Concerns about migrant hatred

Park Jeong-hyeong, Korea Migrant Human Rights Center

Recently, media reports on ‘crimes against migrants’ have been increasing. In addition to reporting, the government is also announcing countermeasures against migrant crimes. It seems to have started with two murders in Suwon at the end of last year. The perpetrator was a migrant from China and was an undocumented resident (‘illegal resident’).

Crime prevention and enforcement is a matter of course. However, the media and government’s awareness and response to ‘crimes against migrants’ are moving in an illogical and dangerous direction. This can be seen in the press release released by the government on the 5th of last month as the result of the National Policy Coordination Meeting presided over by the Prime Minister’s Office.
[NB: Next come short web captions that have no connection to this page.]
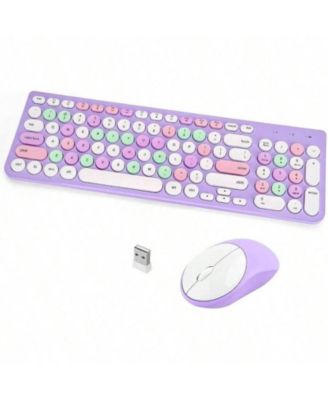 Wireless Keyboard and Mouse Combo, Typewriter Keyboard with Round Keycaps, 2.4GHz Wireless Keyboard Mouse for Computer, Desktop, Laptop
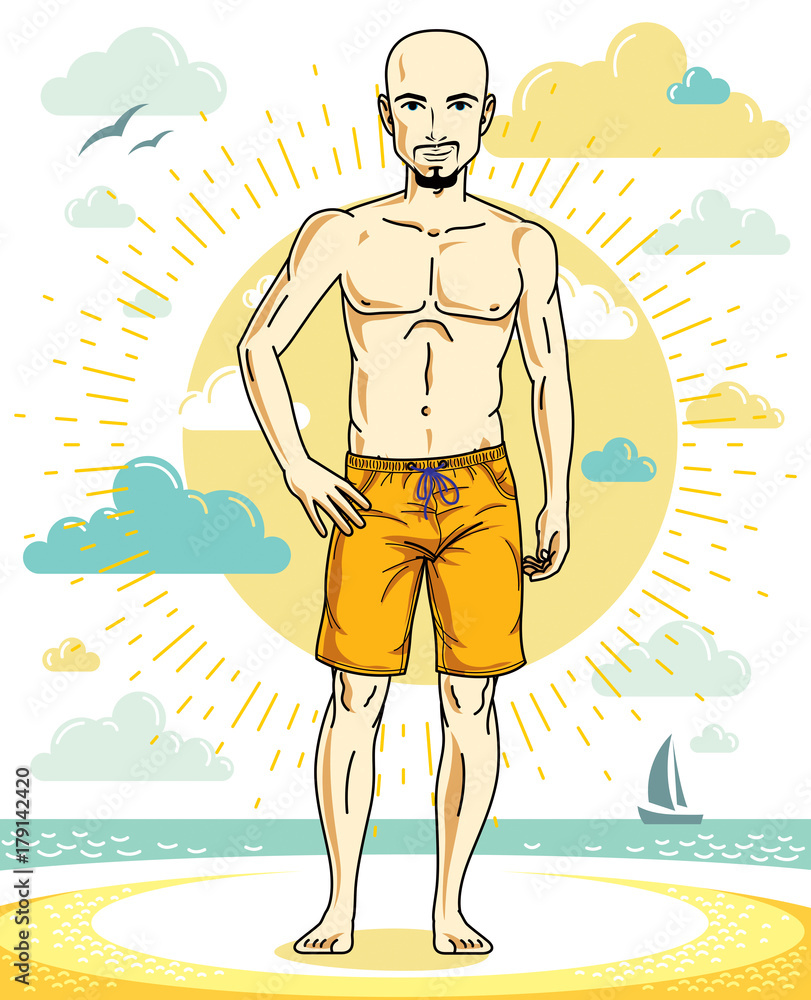 Handsome bald adult man with stylish beard standing on tropical beach in bright shorts. Vector nice and sporty man illustration. Summertime theme clipart.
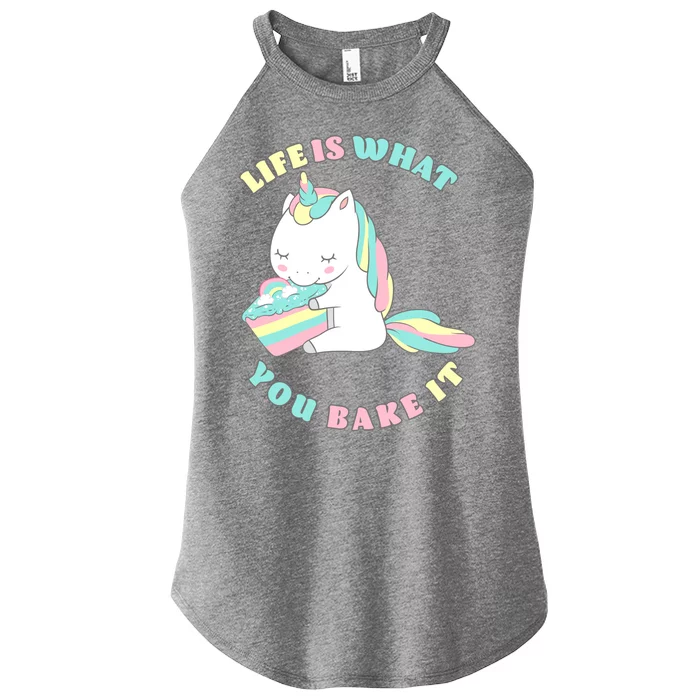 Life Is What You Bake It Unicorn Women’s Perfect Tri Rocker Tank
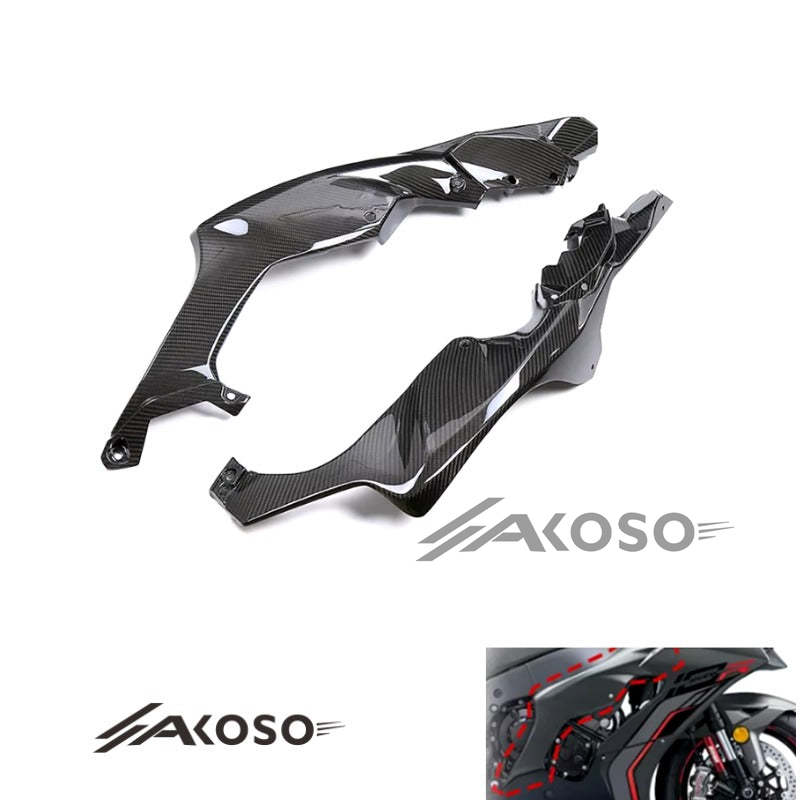 AKOSO Kawasaki Ninja ZX10R ZX-10R 2021-2024 Carbon Fiber Motorcycle Front Side Frame Fairing Cowl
The title of the press release was ‘Government expands crackdown on illegal immigrants to prevent foreign crimes!’ As the title suggests, the government’s perception is that ‘illegal immigrants cause crime’. This logic leads to the conclusion that ‘reducing illegal immigrants will reduce foreign crime’. Is this really the correct scheme?

No evidence can be found, not even in government press releases, that ‘illegal immigrants’ cause more crime than ‘legal immigrants’. The increase in crime by migrants is a phenomenon that follows the increase in migrants. Also, it is easy to find statistical data that the crime rate by migrants is much lower than that by Koreans. It is not logical to solve the increase in violent crimes by migrants by expanding the crackdown on ‘illegal residents’.

Why did the government come up with a scheme that can show that it is illogical if you think a little bit about it as a solution? Intentionally or unintentionally, the government’s responsibility is on the migrants. Migrant human rights groups have pointed out countless times that undocumented migrants are being mass produced due to government policies that do not guarantee the basic safety and human rights of migrants.

If ‘illegal immigrants’ increase violent crime as the government recognizes, the most fundamental solution is to fix the anti-human rights system that produces ‘illegal immigrants’. If you do that, you can prevent a situation in which you cannot solve your injustice within the system and have no choice but to run away from your workplace and home and become a potential ‘illegal resident’. Nevertheless, the government’s announcement is filled with monitoring and punishment, such as strengthening visa issuance, immigration screening, and crackdown on ‘illegal residents’.

The concrete measures proposed by the government are even more worrisome. Its contents are to designate and manage areas densely populated by foreigners, and to distribute leaflets on ‘Prevention of Illegal Employment and Reporting of Illegal Residents’ to employers and local residents. Suwon City had already announced that it would search for ‘illegal residents’ by conducting a full investigation of immigrants after two murders. Let’s think about it. Is it the ‘healthy multicultural society’ that the government is constantly talking about in a society in which a neighbor living next door, or a colleague I work with, suspects that they are ‘illegal aliens’, is afraid of committing a crime, and reports to arrest them?

In the end, the awareness and reporting behavior of the government and media focused on ‘crime of illegal immigrants’ is increasing the phobia of migrants. It is not easy for migrants to voice their voices in our society. In particular, ‘illegal residents’ are becoming ‘people who do not have the right to speak’. No one cares why they became undocumented residents. Since they cannot speak, they are too easily turned into the source of crime. In this structure, migrants cannot become equal neighbors.